According to the most recent audits, the Teachers’ Retirement Systems (TRS) was funded at about 66.2 percent at the end of 2013, with an unfunded liability of about $10 billion. The Employees Retirement System was funded at about 62.4 percent, with an unfunded liability of $2.5 billion. The Judicial Retirement System, smaller than the others, had a funding ratio of 58.7 percent, with an unfunded liability of $170.8 million.

Bronner said the liabilities would not be an issue so long as the state continued to make payments into it.

“It’s like a house mortgage,” he said. “So long as you’re making your payment, and the state has done a good job doing this, the state is going to be fine in the end. If you don’t make a payment in the end, the state is going to have a crisis.”

…..
“With a couple good years with RSA, with the five-year smoothing, my expectation will be we’ll be over 70 percent funded,” he said. Orr said “optimally,” he would like to see the funds at between 85 and 95 percent funding, but said “it’s always going to fluctuate.”
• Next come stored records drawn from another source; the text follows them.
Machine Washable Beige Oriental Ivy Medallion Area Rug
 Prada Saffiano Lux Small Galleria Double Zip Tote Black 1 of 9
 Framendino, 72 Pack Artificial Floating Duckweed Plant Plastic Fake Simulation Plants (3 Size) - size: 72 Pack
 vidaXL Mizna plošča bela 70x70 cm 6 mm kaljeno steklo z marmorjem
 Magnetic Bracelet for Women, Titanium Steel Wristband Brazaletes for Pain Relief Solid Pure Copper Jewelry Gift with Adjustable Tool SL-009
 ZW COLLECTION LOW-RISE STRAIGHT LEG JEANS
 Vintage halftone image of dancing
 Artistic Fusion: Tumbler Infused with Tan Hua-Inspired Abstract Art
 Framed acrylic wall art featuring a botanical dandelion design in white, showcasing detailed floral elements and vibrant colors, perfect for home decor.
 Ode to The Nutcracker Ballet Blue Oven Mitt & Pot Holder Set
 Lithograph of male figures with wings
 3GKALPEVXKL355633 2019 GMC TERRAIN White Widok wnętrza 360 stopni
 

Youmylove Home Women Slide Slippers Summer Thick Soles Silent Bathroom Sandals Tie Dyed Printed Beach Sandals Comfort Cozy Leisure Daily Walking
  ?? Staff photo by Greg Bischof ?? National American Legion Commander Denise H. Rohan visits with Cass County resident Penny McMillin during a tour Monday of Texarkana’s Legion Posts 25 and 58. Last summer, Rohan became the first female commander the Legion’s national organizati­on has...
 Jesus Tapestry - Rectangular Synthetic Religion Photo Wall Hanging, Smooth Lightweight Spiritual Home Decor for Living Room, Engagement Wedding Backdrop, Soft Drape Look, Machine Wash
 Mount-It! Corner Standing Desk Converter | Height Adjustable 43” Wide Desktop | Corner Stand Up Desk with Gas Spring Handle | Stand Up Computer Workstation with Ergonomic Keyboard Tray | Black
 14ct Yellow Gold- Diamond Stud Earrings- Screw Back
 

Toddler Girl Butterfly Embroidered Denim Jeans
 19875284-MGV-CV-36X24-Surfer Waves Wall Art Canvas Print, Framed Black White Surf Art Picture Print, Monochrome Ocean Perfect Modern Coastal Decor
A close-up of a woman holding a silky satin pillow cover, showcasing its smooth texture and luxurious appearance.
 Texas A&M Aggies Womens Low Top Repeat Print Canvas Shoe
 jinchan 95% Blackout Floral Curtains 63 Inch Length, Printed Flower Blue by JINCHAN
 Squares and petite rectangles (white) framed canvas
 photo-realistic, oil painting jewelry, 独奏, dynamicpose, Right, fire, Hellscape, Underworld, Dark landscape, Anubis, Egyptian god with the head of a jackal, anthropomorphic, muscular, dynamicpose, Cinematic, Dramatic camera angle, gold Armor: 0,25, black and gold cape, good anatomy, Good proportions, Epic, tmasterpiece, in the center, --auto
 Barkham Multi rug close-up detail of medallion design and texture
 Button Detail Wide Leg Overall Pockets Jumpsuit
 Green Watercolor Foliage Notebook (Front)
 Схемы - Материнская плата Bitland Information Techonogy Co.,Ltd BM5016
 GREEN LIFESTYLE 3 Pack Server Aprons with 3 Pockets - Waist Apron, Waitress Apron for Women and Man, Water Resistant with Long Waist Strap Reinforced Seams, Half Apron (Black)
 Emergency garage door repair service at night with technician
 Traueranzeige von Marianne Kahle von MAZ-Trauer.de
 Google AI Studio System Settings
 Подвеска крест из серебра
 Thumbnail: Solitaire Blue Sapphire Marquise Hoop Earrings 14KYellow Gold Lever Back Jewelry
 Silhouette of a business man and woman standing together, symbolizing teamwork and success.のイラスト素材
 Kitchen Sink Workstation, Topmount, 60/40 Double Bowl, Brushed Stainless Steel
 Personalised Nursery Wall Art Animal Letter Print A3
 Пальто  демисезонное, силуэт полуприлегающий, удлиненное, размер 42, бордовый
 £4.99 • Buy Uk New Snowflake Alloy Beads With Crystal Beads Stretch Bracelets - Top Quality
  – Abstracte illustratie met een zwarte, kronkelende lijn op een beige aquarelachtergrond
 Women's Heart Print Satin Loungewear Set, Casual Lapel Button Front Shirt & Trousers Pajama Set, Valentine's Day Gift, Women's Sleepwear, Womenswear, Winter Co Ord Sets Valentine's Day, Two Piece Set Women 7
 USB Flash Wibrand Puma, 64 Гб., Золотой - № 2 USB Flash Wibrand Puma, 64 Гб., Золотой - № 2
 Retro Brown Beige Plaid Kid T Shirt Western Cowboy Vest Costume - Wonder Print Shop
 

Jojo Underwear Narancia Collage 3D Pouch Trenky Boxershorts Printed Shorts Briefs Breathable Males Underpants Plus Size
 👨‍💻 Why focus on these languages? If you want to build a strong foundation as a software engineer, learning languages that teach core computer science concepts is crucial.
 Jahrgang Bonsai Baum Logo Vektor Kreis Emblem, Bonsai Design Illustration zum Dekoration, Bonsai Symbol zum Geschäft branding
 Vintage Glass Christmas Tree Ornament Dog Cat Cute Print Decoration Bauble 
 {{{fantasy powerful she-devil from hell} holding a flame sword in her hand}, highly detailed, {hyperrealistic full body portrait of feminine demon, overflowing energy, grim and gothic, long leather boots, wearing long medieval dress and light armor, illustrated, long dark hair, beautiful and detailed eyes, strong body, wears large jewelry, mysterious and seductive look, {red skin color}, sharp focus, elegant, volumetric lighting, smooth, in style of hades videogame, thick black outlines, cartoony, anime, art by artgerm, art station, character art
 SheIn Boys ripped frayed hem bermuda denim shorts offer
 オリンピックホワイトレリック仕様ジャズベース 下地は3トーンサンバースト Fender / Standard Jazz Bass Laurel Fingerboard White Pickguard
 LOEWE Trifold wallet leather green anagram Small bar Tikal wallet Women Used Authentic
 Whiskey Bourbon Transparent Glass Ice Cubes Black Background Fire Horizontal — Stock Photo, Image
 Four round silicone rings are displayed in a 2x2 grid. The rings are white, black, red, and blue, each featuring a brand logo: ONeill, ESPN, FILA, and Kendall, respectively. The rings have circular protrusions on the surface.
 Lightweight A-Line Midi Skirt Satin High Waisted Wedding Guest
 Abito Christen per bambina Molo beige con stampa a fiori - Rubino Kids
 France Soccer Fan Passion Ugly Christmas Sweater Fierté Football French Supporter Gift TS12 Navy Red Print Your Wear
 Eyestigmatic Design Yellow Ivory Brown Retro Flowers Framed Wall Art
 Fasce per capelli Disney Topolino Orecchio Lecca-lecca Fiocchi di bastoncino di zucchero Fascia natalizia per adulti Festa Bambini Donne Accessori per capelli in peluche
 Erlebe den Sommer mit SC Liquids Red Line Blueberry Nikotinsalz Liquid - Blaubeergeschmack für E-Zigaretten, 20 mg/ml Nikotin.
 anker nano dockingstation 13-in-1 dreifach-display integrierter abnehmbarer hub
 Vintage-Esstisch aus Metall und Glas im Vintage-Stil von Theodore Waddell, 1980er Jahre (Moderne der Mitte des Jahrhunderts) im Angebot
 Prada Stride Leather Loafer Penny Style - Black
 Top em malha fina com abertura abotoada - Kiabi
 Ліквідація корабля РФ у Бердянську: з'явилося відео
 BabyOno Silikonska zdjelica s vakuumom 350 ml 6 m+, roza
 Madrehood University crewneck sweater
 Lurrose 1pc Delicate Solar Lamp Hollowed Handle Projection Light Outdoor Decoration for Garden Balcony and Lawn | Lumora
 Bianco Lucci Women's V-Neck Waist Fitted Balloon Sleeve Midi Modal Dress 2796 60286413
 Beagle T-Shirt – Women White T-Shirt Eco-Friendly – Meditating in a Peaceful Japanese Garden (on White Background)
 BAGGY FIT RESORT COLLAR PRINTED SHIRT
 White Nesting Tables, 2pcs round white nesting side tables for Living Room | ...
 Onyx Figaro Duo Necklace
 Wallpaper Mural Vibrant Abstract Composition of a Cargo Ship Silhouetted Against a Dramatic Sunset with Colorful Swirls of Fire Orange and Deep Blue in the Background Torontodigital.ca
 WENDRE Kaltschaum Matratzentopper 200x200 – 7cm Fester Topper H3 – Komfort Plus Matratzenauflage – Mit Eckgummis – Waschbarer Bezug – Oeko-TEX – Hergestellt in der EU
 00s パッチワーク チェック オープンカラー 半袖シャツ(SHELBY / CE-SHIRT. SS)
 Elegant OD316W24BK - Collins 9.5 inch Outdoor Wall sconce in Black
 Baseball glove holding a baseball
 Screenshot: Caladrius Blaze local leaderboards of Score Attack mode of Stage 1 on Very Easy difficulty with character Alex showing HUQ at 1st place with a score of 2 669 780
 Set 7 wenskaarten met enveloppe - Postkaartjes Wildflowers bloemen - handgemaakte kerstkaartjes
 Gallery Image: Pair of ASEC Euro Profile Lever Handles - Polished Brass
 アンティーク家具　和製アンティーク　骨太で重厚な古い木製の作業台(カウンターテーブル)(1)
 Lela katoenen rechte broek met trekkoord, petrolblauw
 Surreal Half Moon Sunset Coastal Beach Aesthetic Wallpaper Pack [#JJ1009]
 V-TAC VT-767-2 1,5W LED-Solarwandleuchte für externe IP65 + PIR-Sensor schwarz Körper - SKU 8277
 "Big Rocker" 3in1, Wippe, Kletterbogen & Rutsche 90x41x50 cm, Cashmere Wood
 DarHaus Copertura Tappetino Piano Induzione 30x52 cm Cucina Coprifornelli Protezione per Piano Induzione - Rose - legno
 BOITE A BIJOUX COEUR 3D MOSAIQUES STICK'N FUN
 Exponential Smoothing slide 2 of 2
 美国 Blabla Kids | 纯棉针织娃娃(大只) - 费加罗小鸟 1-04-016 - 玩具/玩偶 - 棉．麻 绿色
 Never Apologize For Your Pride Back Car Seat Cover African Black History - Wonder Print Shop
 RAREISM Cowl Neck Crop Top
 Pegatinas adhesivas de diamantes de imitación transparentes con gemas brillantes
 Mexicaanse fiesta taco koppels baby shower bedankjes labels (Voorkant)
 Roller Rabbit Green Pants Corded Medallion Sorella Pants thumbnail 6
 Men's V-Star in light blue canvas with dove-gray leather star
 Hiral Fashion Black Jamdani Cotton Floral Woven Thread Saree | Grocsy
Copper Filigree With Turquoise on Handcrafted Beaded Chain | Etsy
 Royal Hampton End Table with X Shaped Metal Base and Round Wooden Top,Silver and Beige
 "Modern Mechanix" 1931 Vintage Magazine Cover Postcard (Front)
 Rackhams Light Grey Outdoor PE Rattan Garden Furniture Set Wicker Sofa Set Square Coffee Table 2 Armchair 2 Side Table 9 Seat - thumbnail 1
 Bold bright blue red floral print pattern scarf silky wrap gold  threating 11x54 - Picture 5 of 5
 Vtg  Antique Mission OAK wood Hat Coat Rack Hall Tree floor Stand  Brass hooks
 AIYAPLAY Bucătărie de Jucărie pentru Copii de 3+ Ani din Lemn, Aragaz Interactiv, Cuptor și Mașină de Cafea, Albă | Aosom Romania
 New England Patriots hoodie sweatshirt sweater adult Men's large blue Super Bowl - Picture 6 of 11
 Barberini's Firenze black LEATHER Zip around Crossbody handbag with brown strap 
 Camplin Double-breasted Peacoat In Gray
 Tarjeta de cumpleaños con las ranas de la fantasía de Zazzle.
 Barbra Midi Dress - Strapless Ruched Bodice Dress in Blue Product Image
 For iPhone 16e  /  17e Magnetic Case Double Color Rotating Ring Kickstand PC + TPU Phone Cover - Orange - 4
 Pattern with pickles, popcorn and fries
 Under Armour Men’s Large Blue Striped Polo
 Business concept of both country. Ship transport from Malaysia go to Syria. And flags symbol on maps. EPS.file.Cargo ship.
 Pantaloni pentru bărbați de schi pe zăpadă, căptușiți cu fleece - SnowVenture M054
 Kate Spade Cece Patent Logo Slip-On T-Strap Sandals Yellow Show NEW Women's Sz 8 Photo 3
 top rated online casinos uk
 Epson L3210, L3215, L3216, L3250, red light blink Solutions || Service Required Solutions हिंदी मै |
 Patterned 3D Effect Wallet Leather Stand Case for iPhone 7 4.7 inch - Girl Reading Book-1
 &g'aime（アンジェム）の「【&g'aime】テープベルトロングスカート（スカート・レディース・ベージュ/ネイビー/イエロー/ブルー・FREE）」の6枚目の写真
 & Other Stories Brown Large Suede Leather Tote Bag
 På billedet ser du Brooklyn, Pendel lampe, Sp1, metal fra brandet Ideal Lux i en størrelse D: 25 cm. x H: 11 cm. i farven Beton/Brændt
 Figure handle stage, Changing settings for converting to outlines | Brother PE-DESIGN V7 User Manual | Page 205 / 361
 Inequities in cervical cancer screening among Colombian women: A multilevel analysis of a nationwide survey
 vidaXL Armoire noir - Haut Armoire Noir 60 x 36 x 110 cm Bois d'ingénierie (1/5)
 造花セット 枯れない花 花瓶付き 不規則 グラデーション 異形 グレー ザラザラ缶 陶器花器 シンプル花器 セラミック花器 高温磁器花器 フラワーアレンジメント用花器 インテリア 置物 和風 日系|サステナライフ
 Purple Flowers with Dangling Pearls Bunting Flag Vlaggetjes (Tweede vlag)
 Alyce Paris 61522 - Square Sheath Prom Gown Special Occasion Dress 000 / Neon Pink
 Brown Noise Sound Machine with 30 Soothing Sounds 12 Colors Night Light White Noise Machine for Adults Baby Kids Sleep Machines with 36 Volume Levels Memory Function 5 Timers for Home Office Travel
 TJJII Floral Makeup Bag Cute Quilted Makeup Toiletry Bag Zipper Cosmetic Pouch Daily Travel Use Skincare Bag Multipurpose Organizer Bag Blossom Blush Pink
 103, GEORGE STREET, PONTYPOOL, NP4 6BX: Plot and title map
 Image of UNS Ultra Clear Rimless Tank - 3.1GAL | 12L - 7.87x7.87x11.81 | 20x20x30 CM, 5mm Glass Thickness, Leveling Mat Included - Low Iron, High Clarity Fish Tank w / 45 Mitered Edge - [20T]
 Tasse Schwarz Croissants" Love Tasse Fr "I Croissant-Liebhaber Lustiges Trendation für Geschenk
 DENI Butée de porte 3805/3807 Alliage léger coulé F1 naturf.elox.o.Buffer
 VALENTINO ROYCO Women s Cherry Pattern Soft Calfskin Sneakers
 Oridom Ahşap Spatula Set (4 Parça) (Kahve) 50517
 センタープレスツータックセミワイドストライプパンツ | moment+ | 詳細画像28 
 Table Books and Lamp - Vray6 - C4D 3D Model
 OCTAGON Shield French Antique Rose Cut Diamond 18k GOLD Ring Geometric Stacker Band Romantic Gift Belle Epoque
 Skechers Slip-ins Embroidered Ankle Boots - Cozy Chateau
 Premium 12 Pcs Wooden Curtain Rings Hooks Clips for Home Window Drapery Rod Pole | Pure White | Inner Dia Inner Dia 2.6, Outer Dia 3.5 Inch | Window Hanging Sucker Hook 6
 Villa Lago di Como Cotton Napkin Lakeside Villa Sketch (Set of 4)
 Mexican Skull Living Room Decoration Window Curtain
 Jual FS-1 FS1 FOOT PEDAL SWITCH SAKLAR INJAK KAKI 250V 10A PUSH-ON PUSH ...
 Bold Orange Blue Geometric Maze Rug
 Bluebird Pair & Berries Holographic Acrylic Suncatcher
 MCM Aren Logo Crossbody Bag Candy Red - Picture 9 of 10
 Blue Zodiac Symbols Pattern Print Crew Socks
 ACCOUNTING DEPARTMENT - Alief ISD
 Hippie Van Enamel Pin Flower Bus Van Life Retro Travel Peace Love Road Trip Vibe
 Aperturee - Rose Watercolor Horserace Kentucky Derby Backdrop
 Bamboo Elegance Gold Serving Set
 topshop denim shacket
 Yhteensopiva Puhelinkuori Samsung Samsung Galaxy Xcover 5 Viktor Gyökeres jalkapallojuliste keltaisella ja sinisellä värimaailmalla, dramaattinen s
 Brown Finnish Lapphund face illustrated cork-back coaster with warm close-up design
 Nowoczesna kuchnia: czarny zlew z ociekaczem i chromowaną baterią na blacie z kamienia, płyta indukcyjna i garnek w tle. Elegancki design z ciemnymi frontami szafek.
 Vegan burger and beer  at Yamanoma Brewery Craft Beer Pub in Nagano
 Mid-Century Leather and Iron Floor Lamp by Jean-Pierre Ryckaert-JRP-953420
I think I put this in my 80% hall of shame… just give me a moment… Oh yes I did:

I’m sure he thinks full funding is a “laudable” but unrealistic goal.

It won’t be so cute when it’s your own pension on the line.

Anyway, Alabama has just got elevated in my radar (just as Kentucky and Connecticut had done), so I may be circling back with any new things I find.

It may be that it more impels me to check out the plans that supposedly are fully-funding, and yet have deteriorating financials, than focus on Bronner. But it depends on what happens with Bronner, doesn’t it?